Although the 52mer HOR identified in this study is supported by two structurally identical and fully aligned copies in the T2T-CHM13 chromosome 21 assembly, its biological authenticity remains to be confirmed by orthogonal methods. At present, no raw read–level validation has been performed, and the 52mer structure has not yet been resolved in other haplotypes or population assemblies. However, both identified copies are internally consistent, exhibit no divergence across monomer types, and are embedded in canonical alpha satellite arrays.
Importantly, the region containing the 52mer HOR overlaps with the centromeric domain of chromosome 21 in the CHM13 cell line, which was shown to be enriched for CENP-A binding [
7]. While that study did not resolve the HOR structure, the functional annotation supports the biological relevance of this locus. Future analyses involving raw long-read alignments, phased haplotypes, and population-scale assemblies will be essential to verify the recurrence, variability, and centromere association of the 52mer HOR across individuals.

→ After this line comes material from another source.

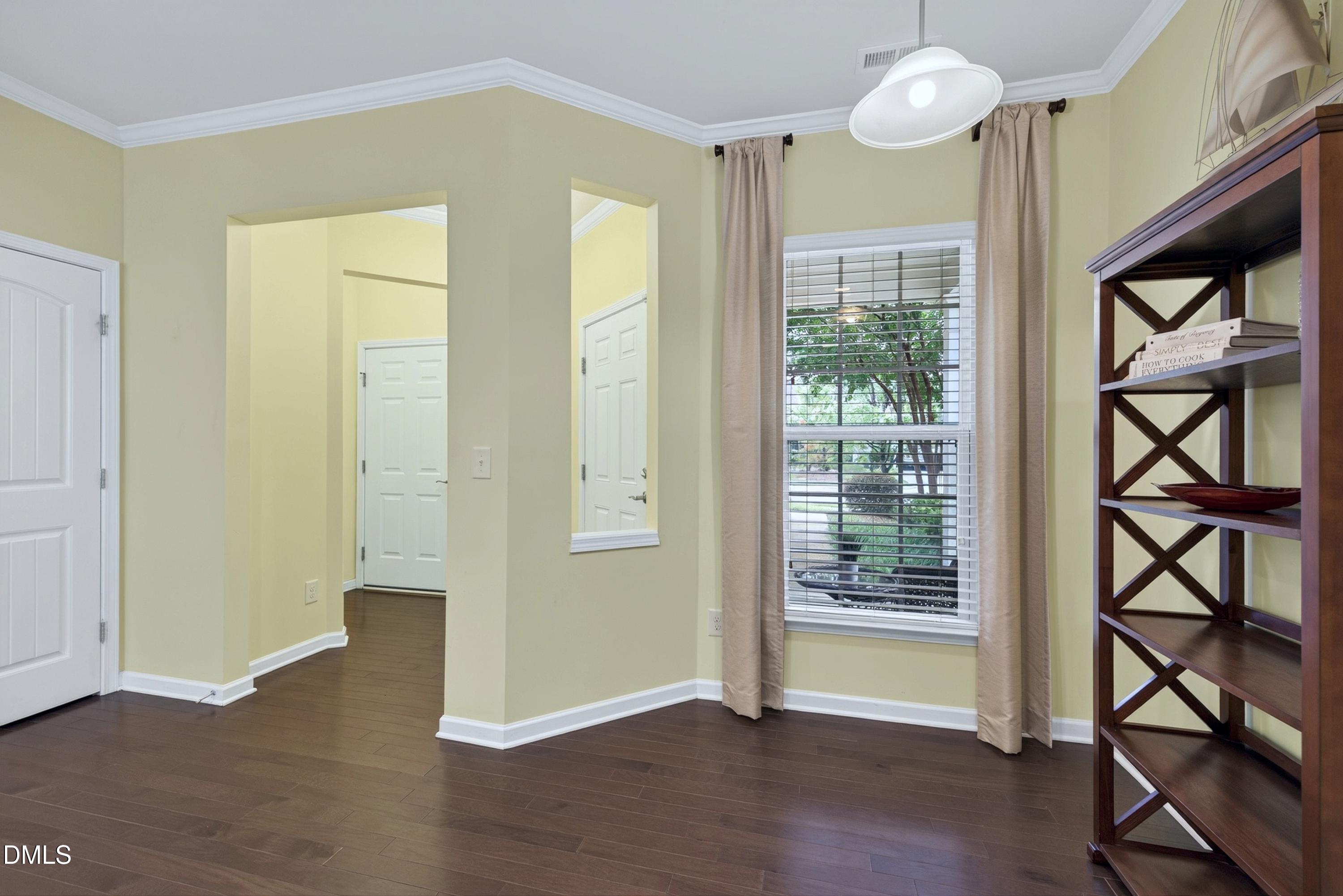 120 Rosedale Creek Drive Property Photo 6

In our accompanying study [
56], we provide a detailed comparison of GRMhor with other available tools for HOR detection, including NTRprism, HORmon, and HiCAT. Unlike these methods, which are often limited to canonical or Willard-type HORs, GRMhor is capable of detecting complex and highly divergent structures, including cascading HORs and arrays with partial or no canonical units. For instance, HORmon is specifically designed for reference-guided annotation of known centromeric repeats, whereas GRMhor can de novo identify novel HOR configurations from any tandem monomer array. Furthermore, while NTRprism provides fast, signal-based detection, it lacks fine-grained structural output, which GRMhor supplies through detailed alignment schemes and distance maps.
Additionally, we have benchmarked the runtime performance of GRMhor against NTRprism using the full T2T-CHM13 chromosome 20 assembly. GRMhor completed the full analysis in ~35 min (Apple M3 Max, 36 GB RAM), compared to 125 s for NTRprism. While this illustrates that GRMhor is computationally more demanding, the tradeoff is justified by its superior resolution and structural precision. Users are also encouraged to extract and process individual HOR blocks for faster runtime and clearer output.